1980年代初頭、新しいメロム工場がまだ試運転段階にあった頃、ドニー・エスリンガーとダレル・グッドソンは、仕事の合間にしばしば空き時間を見つけた。.
頭の良い人間に自由な時間を与えるのは危険だが、この二人は会社の改善に意欲的だった。エスリンガーは、父親が送電線技師だったことに影響を受け、グッドソンと共に故障箇所をより正確に特定する方法について議論を始めた。.

ダレル・グッドソン
当時、故障箇所の特定には光線記録装置が用いられていました。コダックの巻紙のような感光性フィルムに光を照射すると、正弦波と振幅が記録されます。位置特定は、フィルムを読み取り、定規で測定することで行われていました。デジタル技術は一切使われていませんでした。.
エスリンガーとグッドソンは、コンピュータを使ってデジタルで処理できない理由が分からなかった。大学時代にIBMのメインフレームを学んだエスリンガーは、自作のZ80プロセッサ搭載のシンクレア製コンピュータを持ち込んだ。.
“「ダレルはリレーの専門家で、私の電子機器に関する知識と、それらを組み合わせることで、故障箇所を特定する方法を考案しました」とエスリンガーは語った。.
彼らは電流と電圧を測定し、その値をアルゴリズムに入力した。当初は副業として始まったものが、やがて本格的なものへと発展していった。そして、エンジニアリング部門が関与するようになった。.
エンジニアリング部門は、エスリンガーとグッドソンに、ブルーミントン北の37号線沿いにあるフーシアー・エナジーの旧本社ビルの一室を執務スペースとして提供した。.

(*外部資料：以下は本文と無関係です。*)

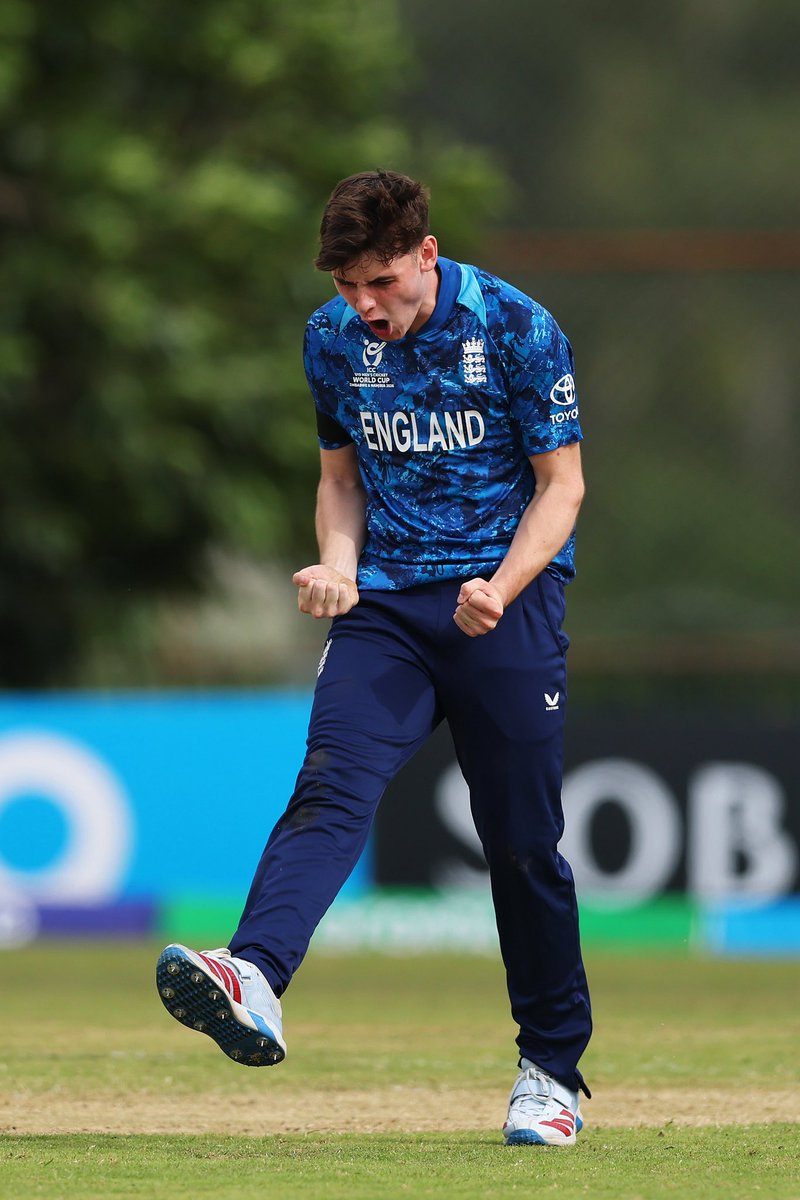 Surrey Cricket tweet media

彼らは「君たちがこのアルゴリズムを解明して開発してくれ」と言った。“
そこでエスリンガーとグッドソンはそうした。.
“「私たちはまず、配線をデジタルでモデル化して記録し、それに対してアルゴリズムを実行しました」とエスリンガー氏は語った。「そして、意図的に障害を発生させ、モデルを使ってその障害を検出できるかどうかを確認しました。その開発には4~6ヶ月を費やしました。」”
当時、フーシアー社のエンジニアリング責任者だったダン・ソウラダは、友人のジム・フィッシャーが光線記録装置を販売する会社を経営していた。両社は開発プロセス全体を通して協力したが、ソウラダには最後のテストがあった。デジタル故障記録装置が1分以内にシステム制御に情報を送信できなければならないというものだ。インターネットはなく、電話回線とダイヤルアップモデム、そしてIBMパーソナルコンピュータのみだった。かろうじて成功した。55秒から58秒の間に、故障情報が伝達された。.
“「とても興奮しましたよ」とエスリンガーは語った。「ダンは最初は懐疑的でしたが、最終的には信じるようになりました。」”
一方、フィッシャーの会社は最終的にUSSIとなり、現在はUSIとして知られる、デジタル故障記録装置の大手販売会社となった。.
その協力の結果、フーシアー・エナジー社は同社が製造した最初のデジタル故障記録装置(シリアル番号1番)を受け取った。それはラムジー発電所に設置された。.
“「こうしたデジタル情報をすべて活用できたのは素晴らしい経験でした」とエスリンガー氏は語った。「システム制御においては、障害を迅速に発見し、人々を必要な場所に誘導するのに役立っただけでなく、リレーが正常に動作しているかどうかに関する情報をエンジニアリング部門に提供することにもつながりました。」”
エスリンガーとグッドソンは、どれほど時代を先取りしていたのだろうか?
1987年、二人はデンバーで開催された業界会議に出席した。そこでエンジニアたちは、デジタル故障記録装置を使った新しい作業方法について議論していた。フーシアー・エナジーにとっては、それは既に周知の事実だった。.
“「彼らはそのことについて話し合っていたが、我々は既にそれを実行していた」とエスリンガーは述べた。.